# Problem to work on:
Extract, in full, the lines below, beginning at the first and ending with the line that contains "4pcs eye brushes GUJHUI". Pictures do not belong in the copy.

Information shown: Begin

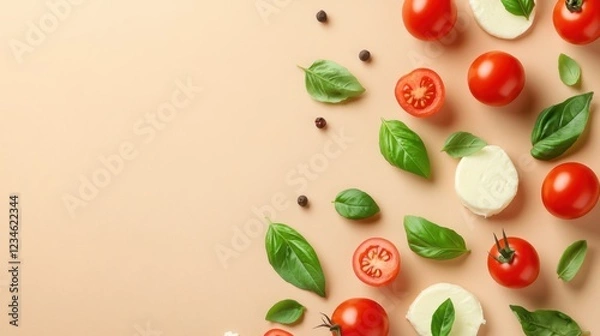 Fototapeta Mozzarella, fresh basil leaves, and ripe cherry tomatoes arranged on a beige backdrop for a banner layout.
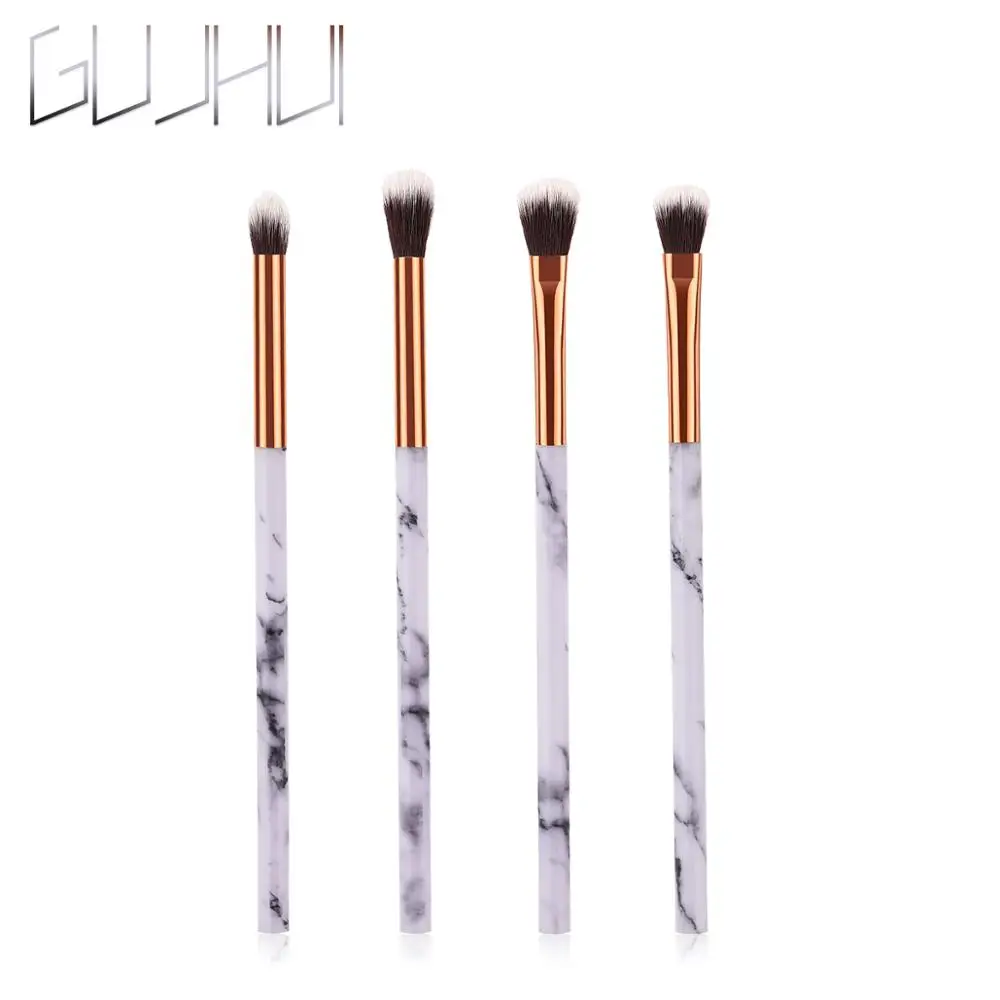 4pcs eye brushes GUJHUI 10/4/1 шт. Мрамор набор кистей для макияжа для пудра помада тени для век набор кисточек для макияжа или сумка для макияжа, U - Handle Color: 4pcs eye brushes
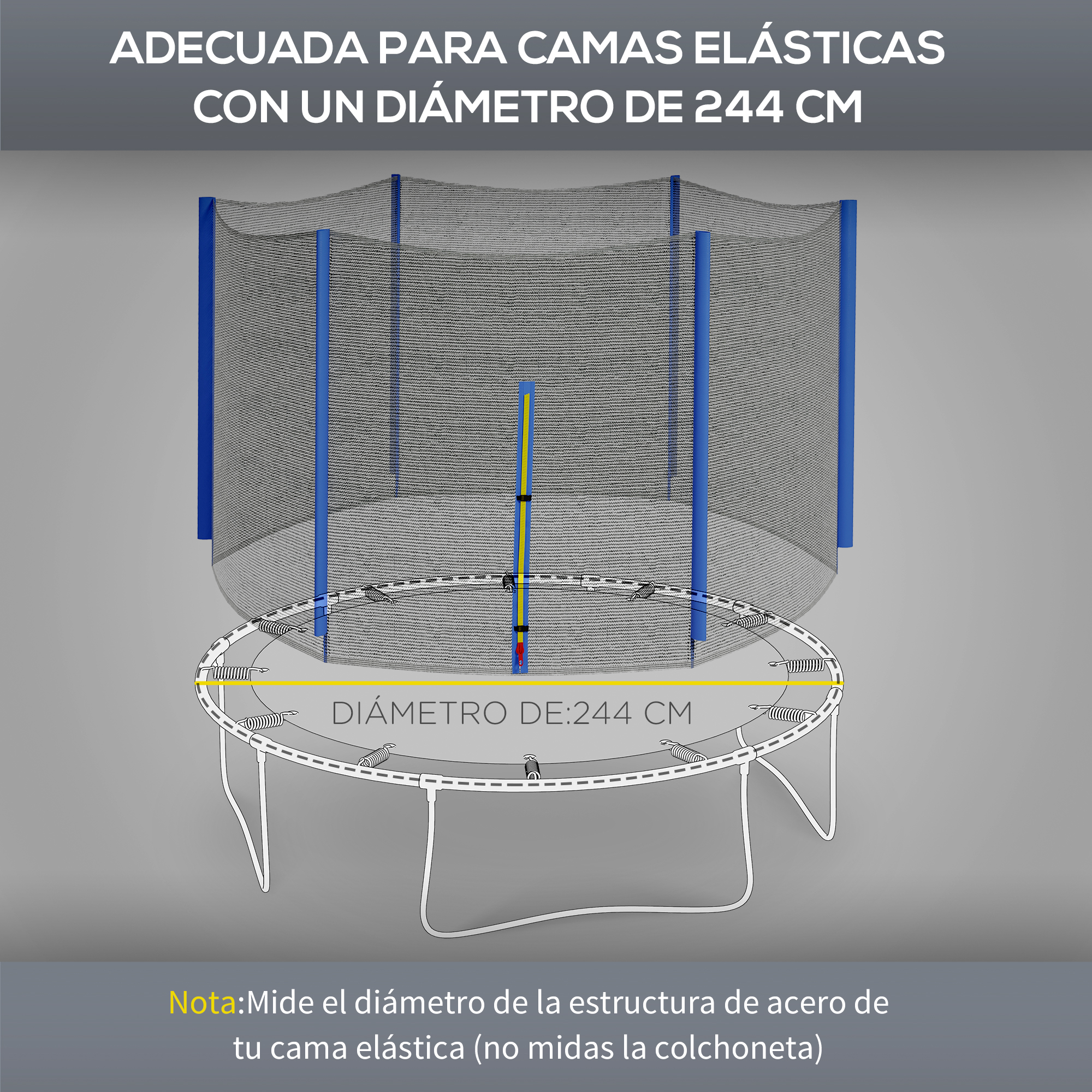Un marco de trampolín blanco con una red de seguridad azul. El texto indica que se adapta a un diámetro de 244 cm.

Information shown: End

# Task solution:
 Fototapeta Mozzarella, fresh basil leaves, and ripe cherry tomatoes arranged on a beige backdrop for a banner layout.
 4pcs eye brushes GUJHUI 10/4/1 шт. Мрамор набор кистей для макияжа для пудра помада тени для век набор кисточек для макияжа или сумка для макияжа, U - Handle Color: 4pcs eye brushes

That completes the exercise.